Work required »
Reproduce the material below only from the line with "View of dowtown" to the line with "istock Girl eating Pizza 517874263", both included, keeping each line exact and dropping the pictures.

Record excerpts »
● ● ●
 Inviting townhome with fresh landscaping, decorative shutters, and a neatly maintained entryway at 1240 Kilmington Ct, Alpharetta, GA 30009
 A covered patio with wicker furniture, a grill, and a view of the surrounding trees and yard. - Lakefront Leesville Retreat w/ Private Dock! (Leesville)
● ● ●
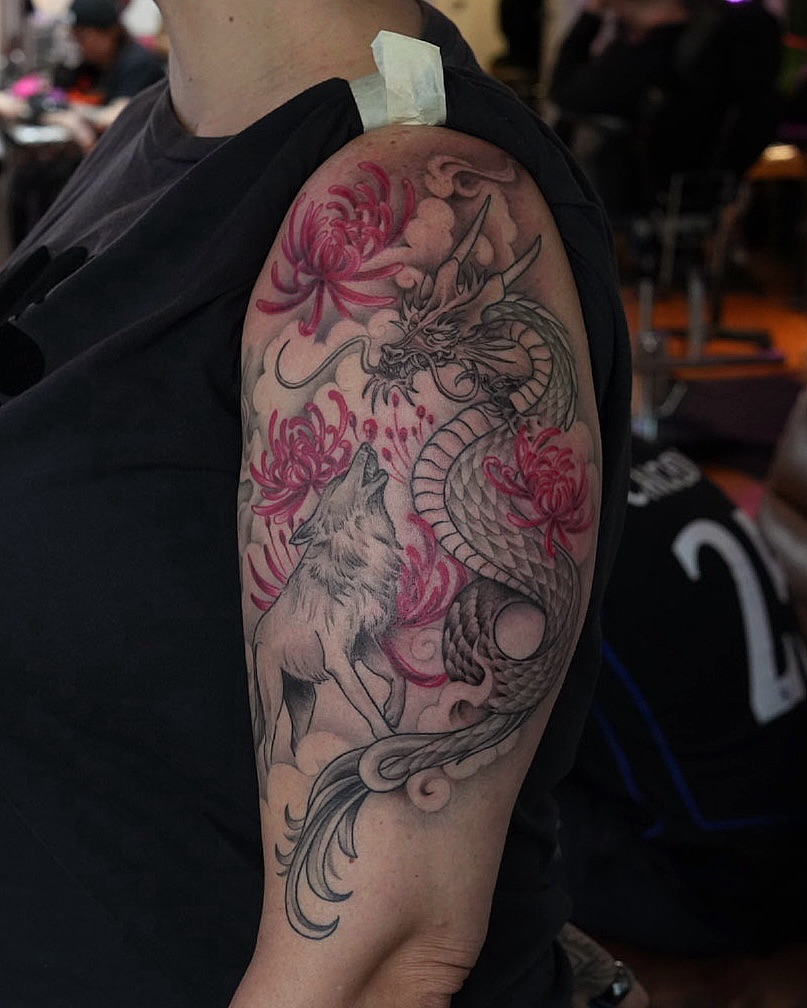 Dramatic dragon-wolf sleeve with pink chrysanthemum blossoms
● ● ●
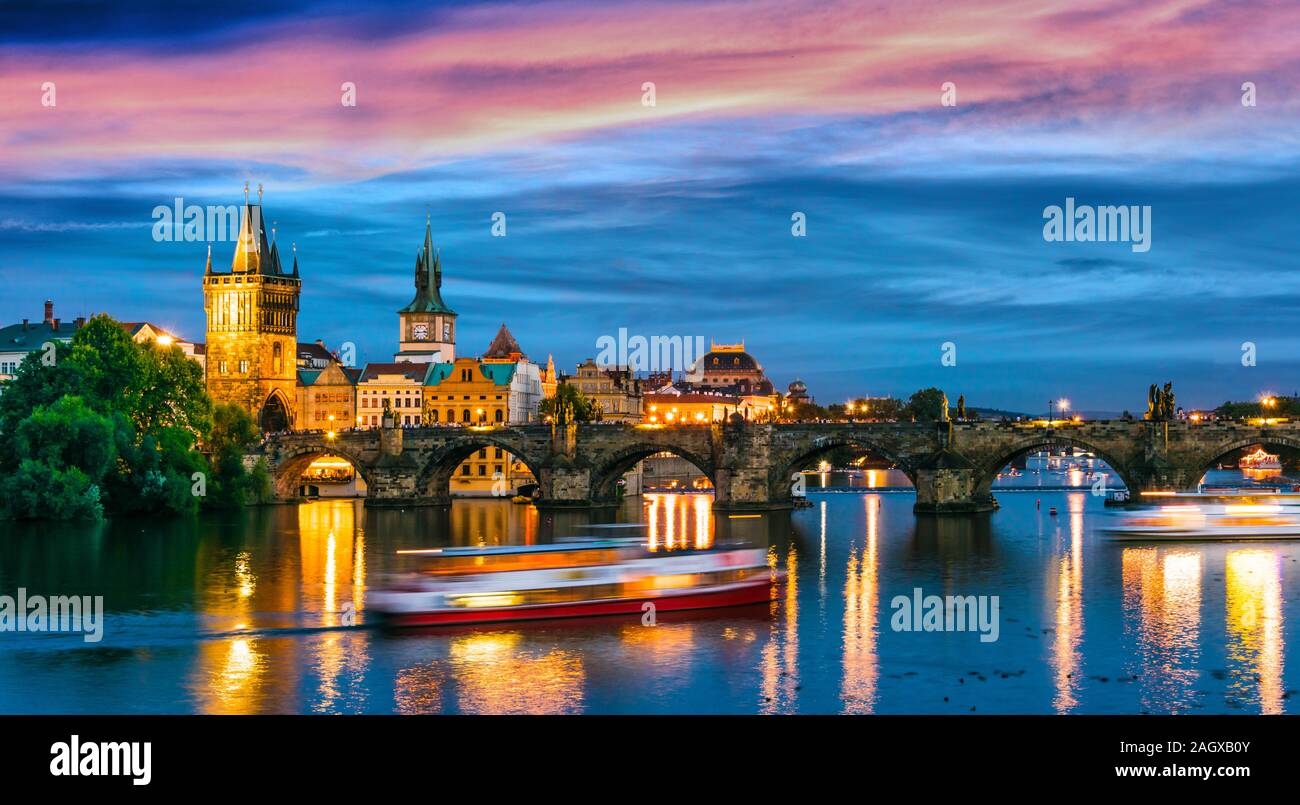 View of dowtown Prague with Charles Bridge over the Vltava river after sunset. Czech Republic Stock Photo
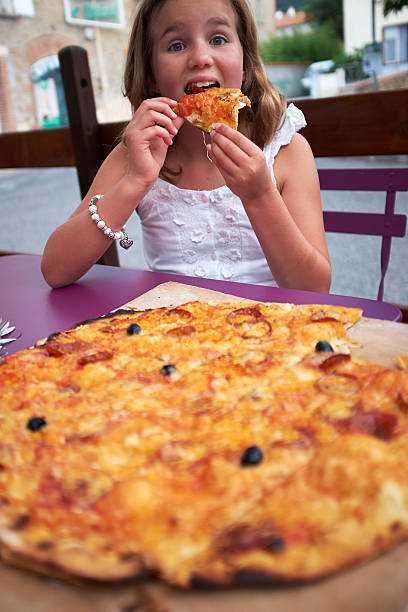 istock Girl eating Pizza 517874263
● ● ●
Worked solution »
 View of dowtown Prague with Charles Bridge over the Vltava river after sunset. Czech Republic Stock Photo
 istock Girl eating Pizza 517874263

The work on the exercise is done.